# [Prompt]
Having found the line containing "money on fees/purchases/tuition." in the records below, copy that line and each later one exactly, dropping pictures.

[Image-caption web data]
________________________________________
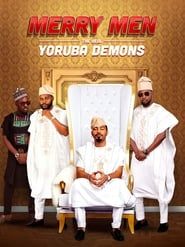 Merry Men: The Real Yoruba Demons series tv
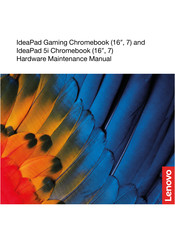 Lenovo IdeaPad Gaming Chromebook Hardware Maintenance Manual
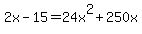 +2x-15+=+24x%5E2%2B250x+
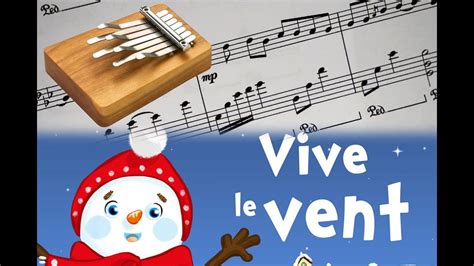 Partition Kalimba Lames Vive Le Vent Jingle Bells Tutoriel Chords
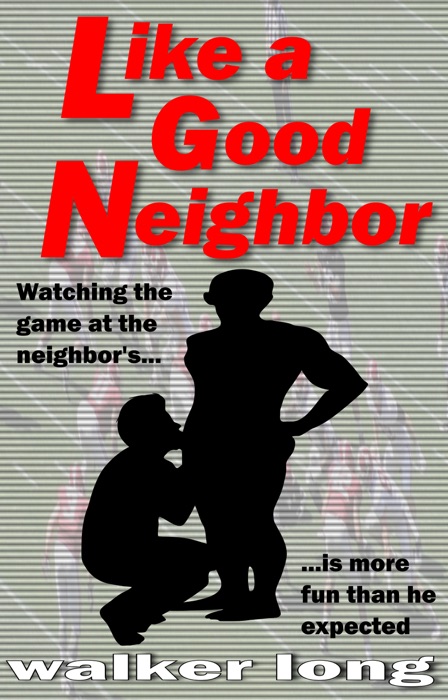 Like a Good Neighbor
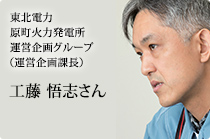 東北電力原町火力発電所運営企画グループ（運営企画課長）工藤 悟志さん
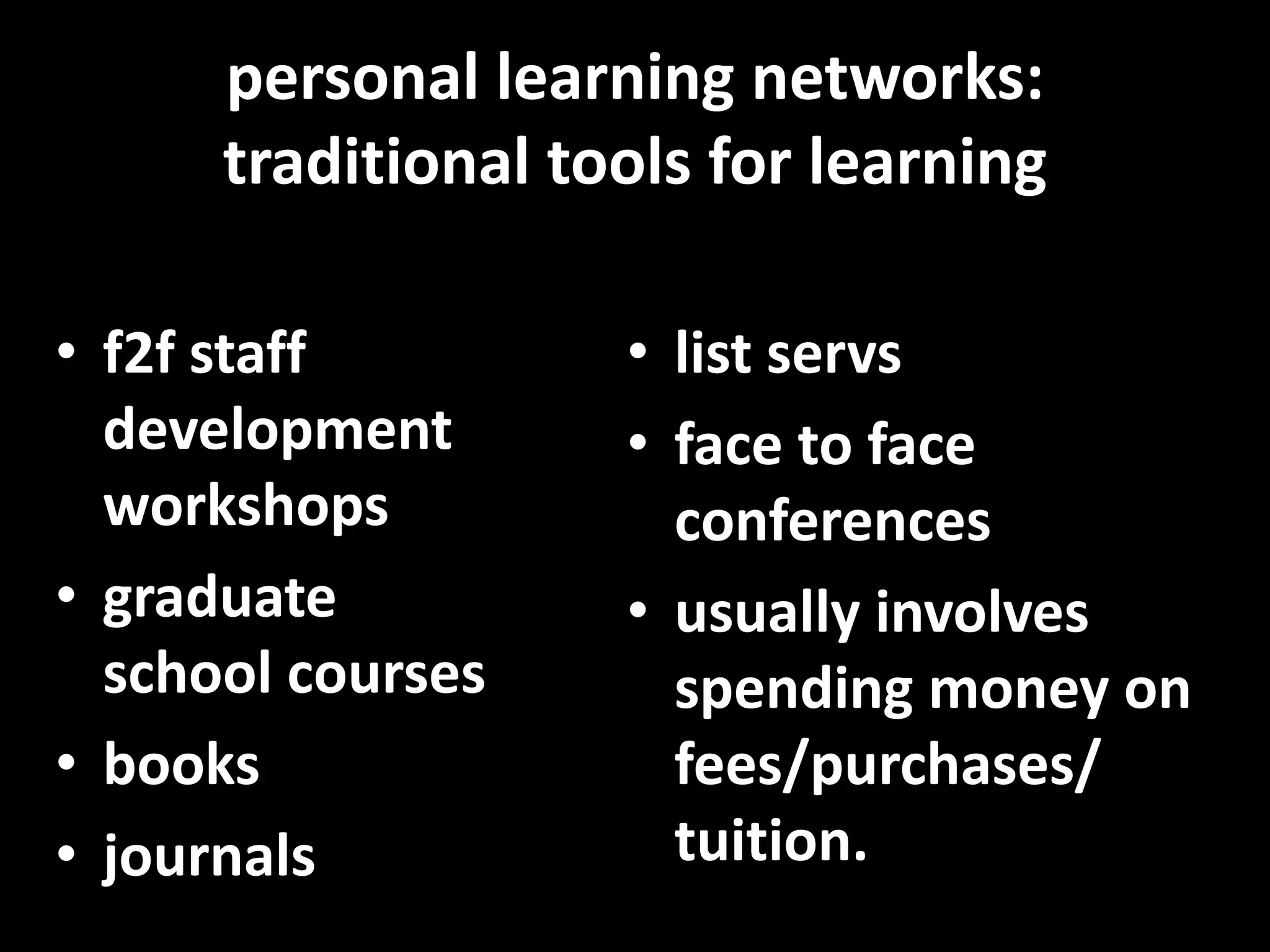 personal learning networks:  traditional tools for learningf2f staff development workshopsgraduate school coursesbooksjournalslist servsface to face conferencesusually involves spending money on fees/purchases/tuition.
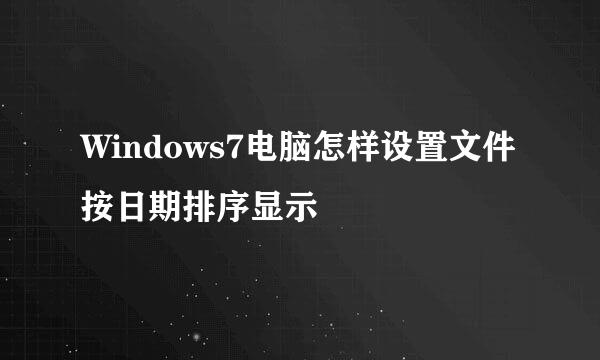 Windows7电脑怎样设置文件按日期排序显示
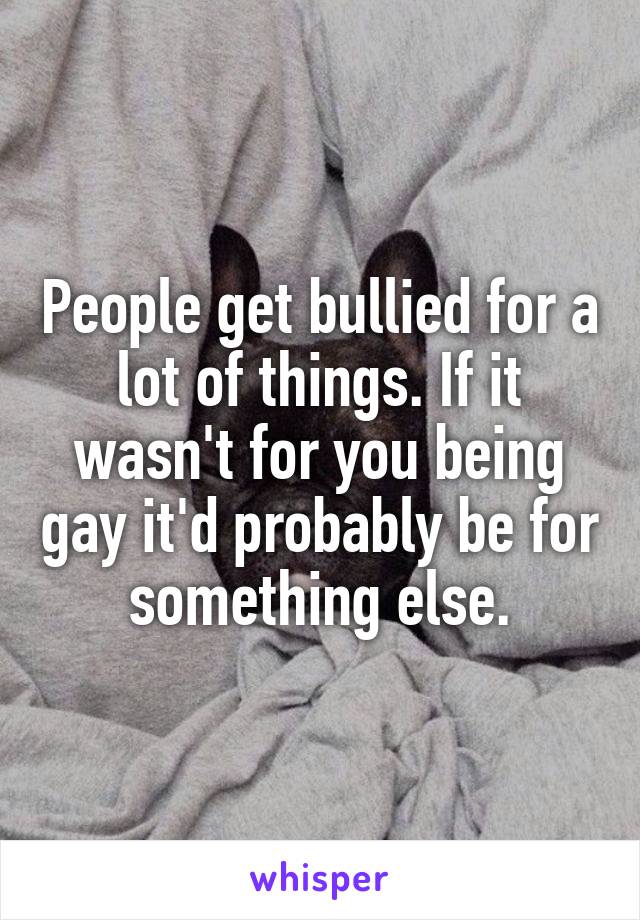 People get bullied for a lot of things. If it wasn't for you being gay it'd probably be for something else.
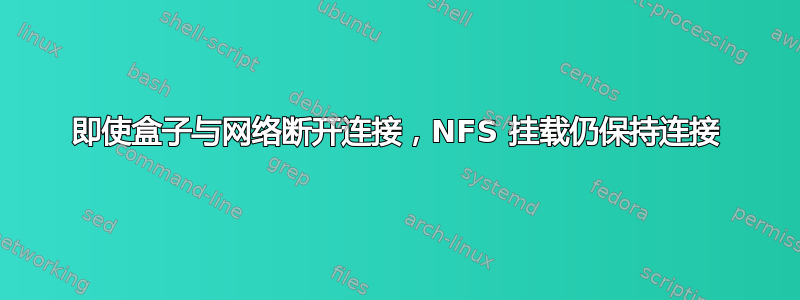 即使盒子与网络断开连接，NFS 挂载仍保持连接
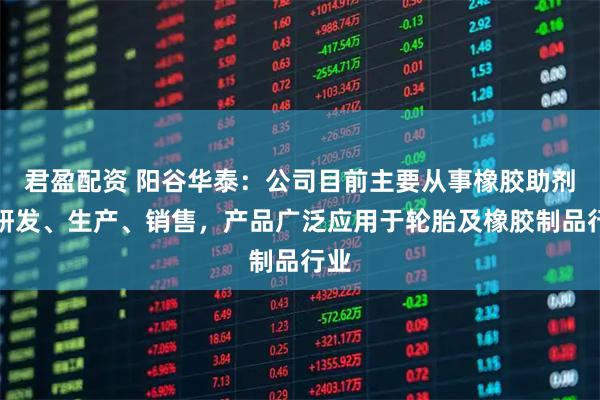 君盈配资 阳谷华泰：公司目前主要从事橡胶助剂的研发、生产、销售，产品广泛应用于轮胎及橡胶制品行业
________________________________________
# [Solution to the problem]
 personal learning networks:  traditional tools for learningf2f staff development workshopsgraduate school coursesbooksjournalslist servsface to face conferencesusually involves spending money on fees/purchases/tuition.
 Windows7电脑怎样设置文件按日期排序显示
 People get bullied for a lot of things. If it wasn't for you being gay it'd probably be for something else.
 即使盒子与网络断开连接，NFS 挂载仍保持连接
 君盈配资 阳谷华泰：公司目前主要从事橡胶助剂的研发、生产、销售，产品广泛应用于轮胎及橡胶制品行业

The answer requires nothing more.